磨き上げプロジェクトは、既存製品をベースに、富士通が持つ技術やノウハウを生かすることで、さらなる進化を目指したもの。スタートは2012年度からで、モバイル系の製品を中心に数製品が対象となっており、LIFEBOOK UH90/Lに続いて、今後いくつかの製品が登場することになるという。
LIFEBOOK UH90/Lの場合は、2012年に発表された14型Ultrabook「LIFEBOOK UH75/H」での経験をもとに、磨き上げを図った製品ということになる。
実際、LIFEBOOK UH90/Lの開発に携わったメンバーの多くが、LIFEBOOK UH75/Hの開発経験者でもある。「UH75/Hで実現した強みをしっかりと押さえながら、その上に富士通が持つ強みを最大限に生かし、モバイル分野において、最高の製品を作り上げる。それがUH90/Lだ」と江尻氏は位置づける。
「刀」をコンセプトするLIFEBOOK UH90/Lは、その意味を、まずはデザインから感じ取ることができるだろう。
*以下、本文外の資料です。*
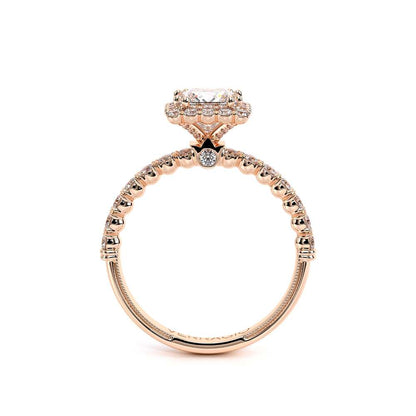 Verragio Halo Princess Engagement Ring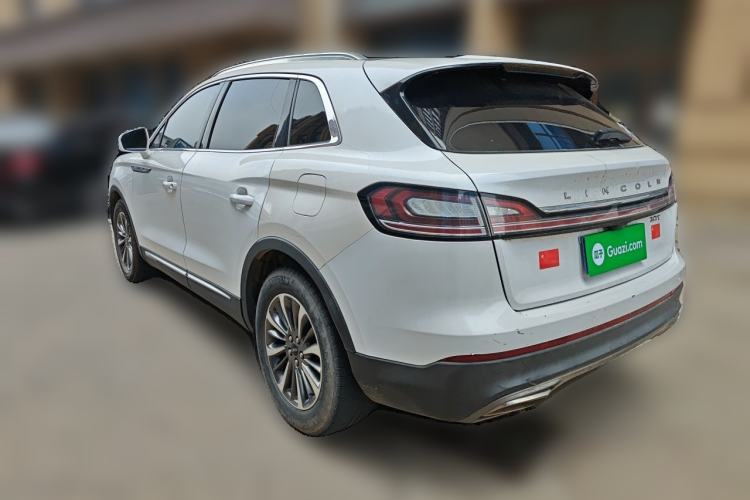 Used Lincoln Nautilus 2019 2.0T Two-Wheel Drive Luxury Edition China VI Standard Rear Left 45 Deg
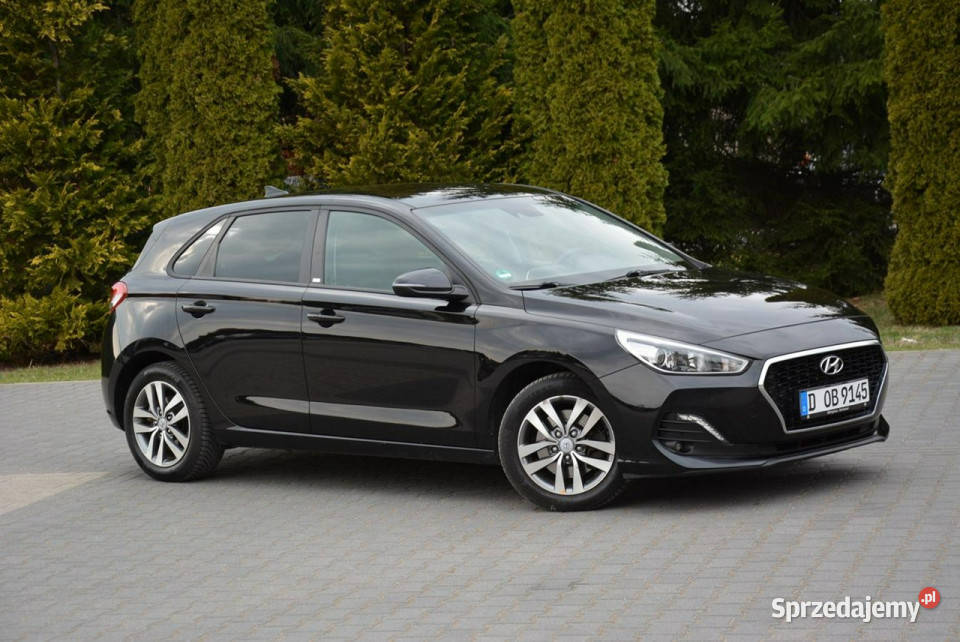 Hyundai i30 Lift Ledy CarPlay Klimatronic Navi Ostrów Mazowiecka
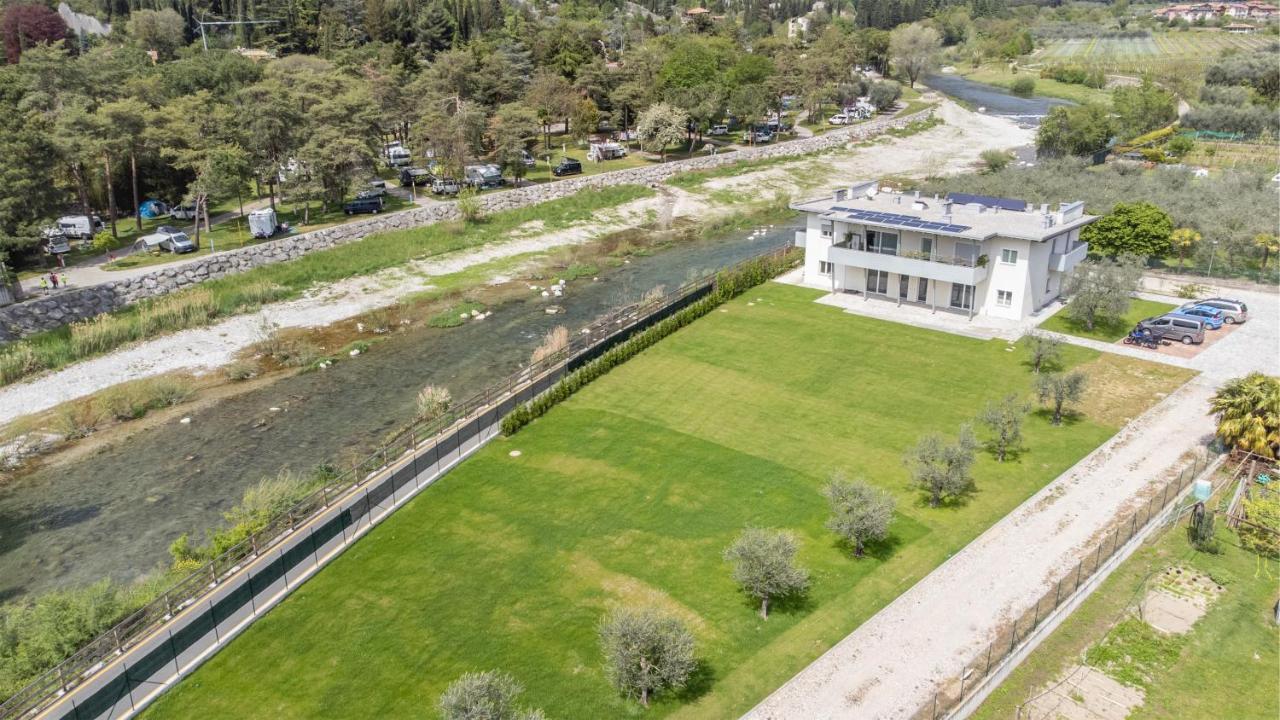 Casa Flavia, Mountains & River Arco Exterior foto
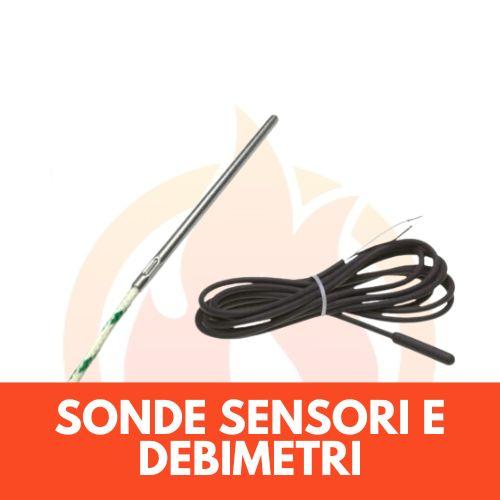 SONDA FUMI ARIA STUFE A PELLET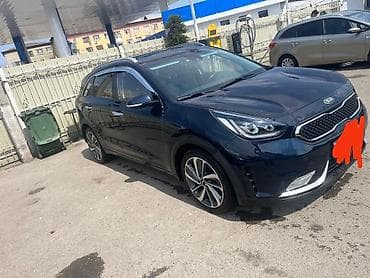 нюрайс машина: Kia Niro: 2018 г., 1.6 л, Автомат, Гибрид, Кроссовер — 2
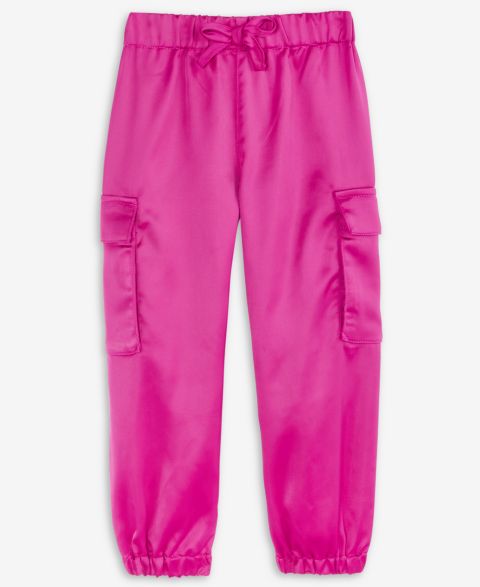 Брюки Epic Threads Pull-On Jogger Pants для девочек-малышей, цвет: Клюквенный розовый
ノートPCは、一般的にバックカバー、LCDカバー、キーボードカバー、ボトムカバーの4層で構成される。LIFEBOOK UH90/Lでは同じ構造ながら、閉じたときには上下二枚の板が、がっちりと合わさるように見えるシンプルな外観を追求。薄さを追求しながら、『密度のある塊』を感じる外観を演出することで、堅牢性の高さを感じさせることにも成功している。
パーツ同士の嵌合線が見えにくい「塊」は、LIFEBOOK UH90/Lならではの造形だ。
「薄さを追求すると、その裏返しとして、剛性感に弱いというイメージが出てしまう。その相反しがちな要素をうまく両立させるデザインを目指した」と、岡本氏は胸を張る。
そのこだわりを具現化したのが、キーボードカバー部に施した特別な加工だ。
キーボードカバー部は、プレス加工したあとに、側面部を削り落とす工程を加えることで、90度に近い角度で落とし込むようなデザインを実現。これが、「緻密さや品質の高さを自然と感じる」効果となって表れている。
「加工コストが高くなること、工程が増えるといったことから見送られてきた加工方法だったが、『刀』が目指すそのディテールにこだわる上では避けられない加工だった。日本の開発現場から細かい指示を出して実現した加工」と岡本氏は語る。ここにも日本のモノづくりならではのこだわりが生きている。